No pictures go in the copy; everything else in the records below must be output exactly.
::::::::
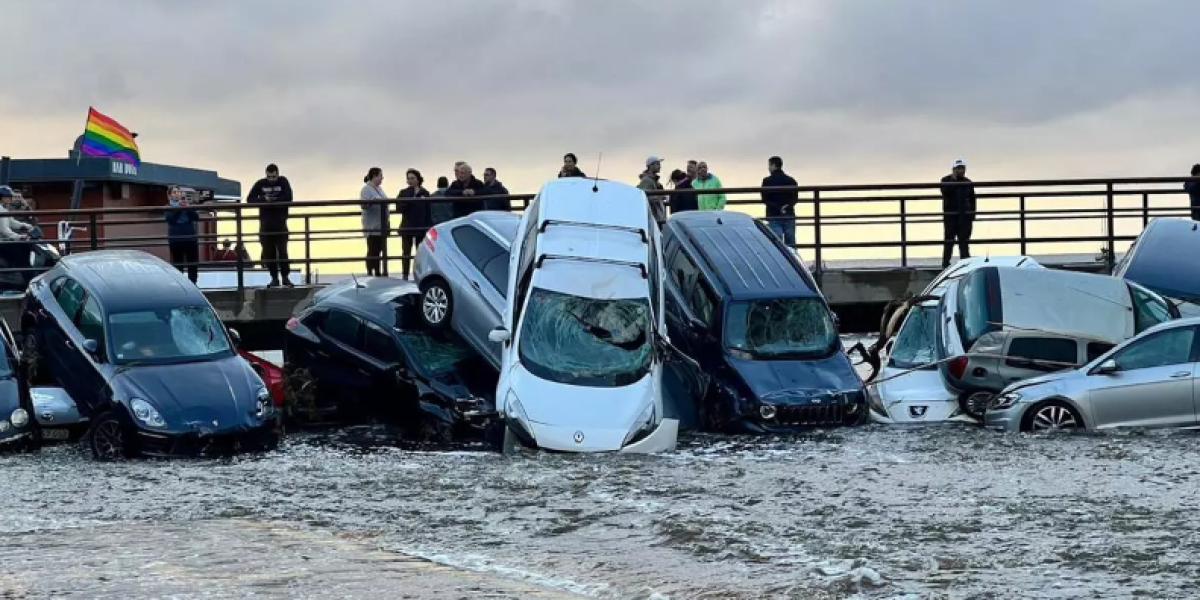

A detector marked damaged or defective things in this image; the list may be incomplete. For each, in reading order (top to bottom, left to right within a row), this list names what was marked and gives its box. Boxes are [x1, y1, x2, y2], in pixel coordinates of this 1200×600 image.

overturned vehicle [282, 276, 496, 440]
broken windshield [512, 288, 648, 390]
damaged dark van [660, 211, 868, 432]
broken windshield [720, 296, 836, 358]
broken windshield [884, 304, 944, 370]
::::::::
## Problem solution
A detector marked damaged or defective things in this image; the list may be incomplete. For each, in reading order (top to bottom, left to right within a row), this list names what was marked and gives its box. Boxes are [x1, y1, x2, y2], in pixel coordinates of this 1200×600 image.

overturned vehicle [282, 276, 496, 440]
broken windshield [512, 288, 648, 390]
damaged dark van [660, 211, 868, 432]
broken windshield [720, 296, 836, 358]
broken windshield [884, 304, 944, 370]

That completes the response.